Xander and Jan.H-
Both of you can call be ignorant all you want but I will not lower this discussion to a personal attack.
Jan.H. you would lose your bet on being able to list scholarly works on the Bible. I have done far more study than you seem to understand and being a trial lawyer by trade I am more than capable of understanding evidence. In fact, in the responses by both you and Xander I see a glaring lack of it. What you both present is mere conjecture and opinions. You have yet to name one scholar that agrees with you.
Xander, who do you think would be discussing the authorship of the Gospels but Christians? Christians, more than anyone want to know the validity of their faith. I trust that you have limited knowledge of how the canons were selected and want went into those decisions. Authorship was one of the tests to determine if certain works were considered to be part of the canon. Please name a mainstream Christian scholar who rejects the accepted authorship of any of the Gospels.

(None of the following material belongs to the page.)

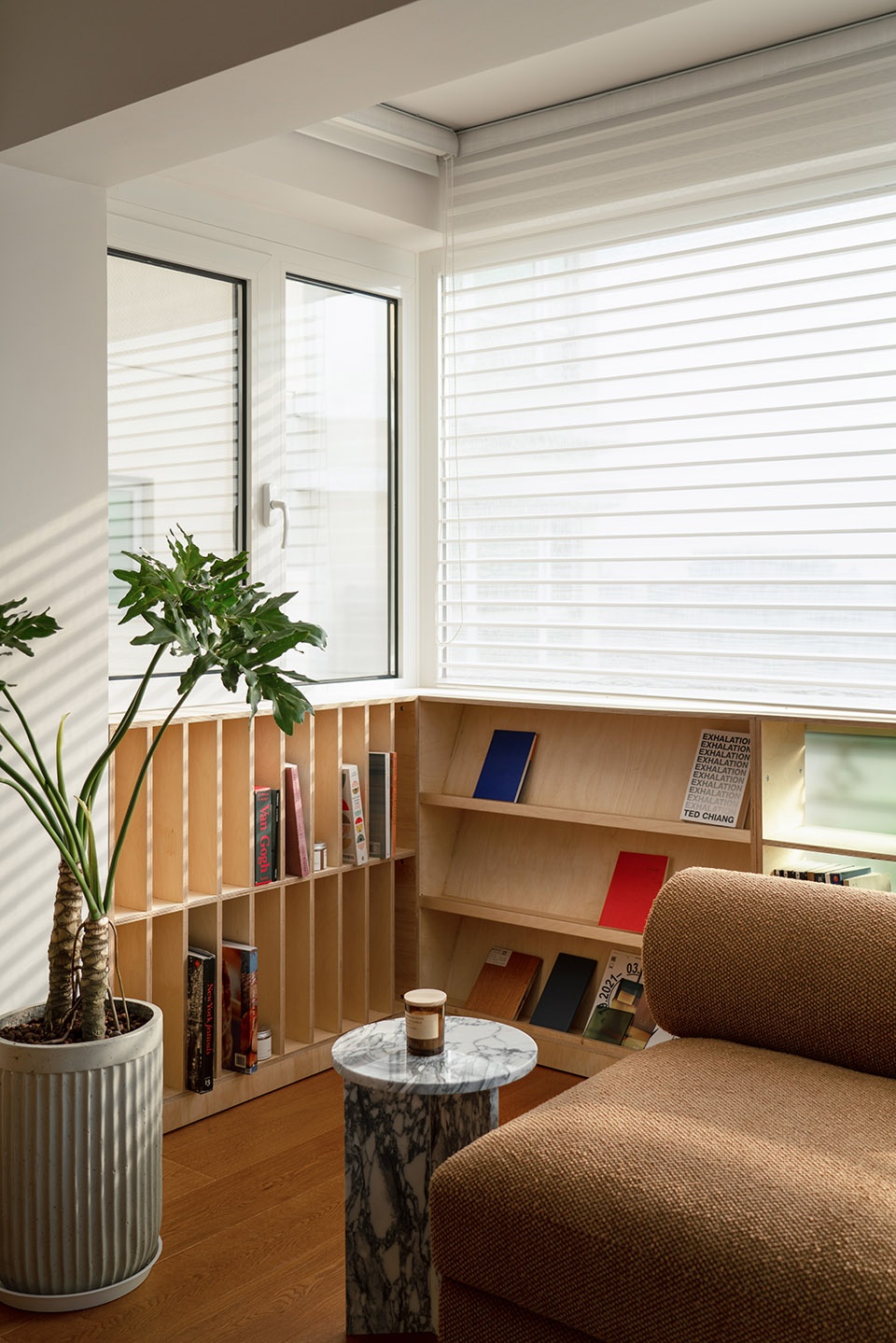 Jiayuan Apartment by Dangtu Studio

Biblical scholars have been studying this issue for centuries. The opinions that you have both presented have been discarded over and over again. Some of them are being raised again at this time through the Jesus seminar and others but these are not accepted premises.
What you discount as "tradition" cannot be thrown out so readily. Accepted "traditions" in the church are tested based upon the other evidence available. Those that don't stand up are noted as such. They are not accepted blindly.

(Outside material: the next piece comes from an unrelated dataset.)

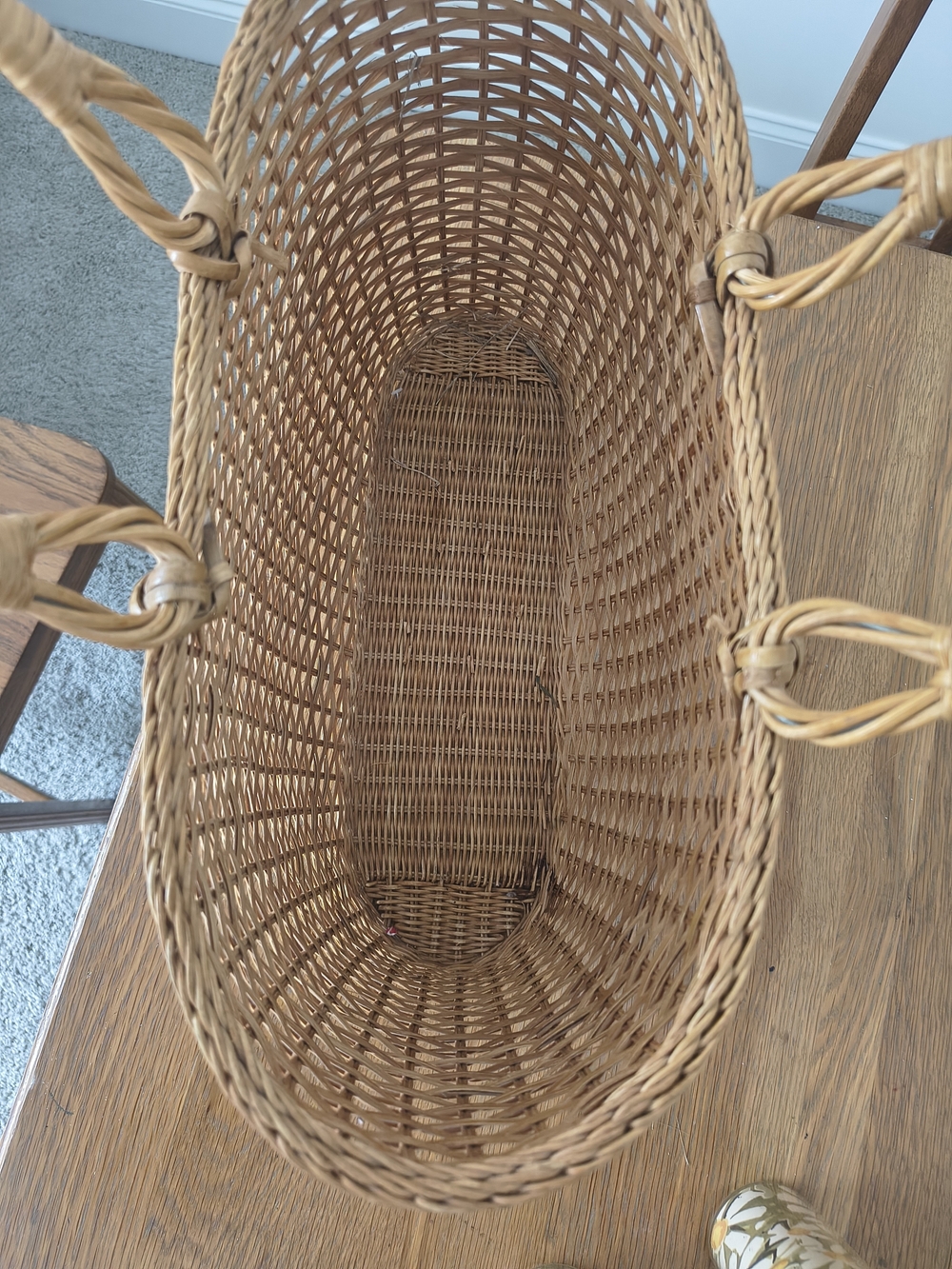 Vintage Market Woven Straw Tote Bag in Tan. - Picture 6 of 10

You are wrong that there is no evidence that "John" wrote the gospel that bears his name. There is both extrinsic evidence and internal evidence to support this conclusion. For example, the writing style of Revelation which was written by John is strikingly similar to that of the Gospel. Additionally, early writings by other apostolic writers accept this as the case.
Your quote from Matthew 9 does nothing to destroy the authorship. One reference to Matthew in the third person is not evidence that he did not write the gospel. The gospel makes it clear that he was writing an historical text. He was not writing to tout his own accomplishments.
Let me ask you some questions: If the Gospels were anonymous, why is there no surviving tradition of another author for the Gospels? Second century testimony is unanimous in attributing the four gospels to the persons that now carry their name. This is different from the apocryphal gospels. As one writer put it, "It is hard to believe that the Gospels circulated anonymously for 60 or more years and then someone finally thought to put authors on them-- and managed to get the whole church across the Roman Empire to agree."
Why then were such unlikely persons chosen to be the authors? Matthew was a reviled tax collector who the jewish peoplpe hated, Luke was only mentioned breifly by name in the new testament, Mark is described as a person who abandoned Paul in Acts 15. Highly unlikely people to attribute the basis for a religion on when there were other more sutiable people, such as Andrew or Peter.
The premises that you set out are not logical, are mere speculation and do not refute the accepted evidence of authorship.
I would also ask if you raise the same questions and skepticisms about other secular ancient texts. There are countless secular ancient texts that are internally anonymous but whose authorship is accepted by external references and tradition.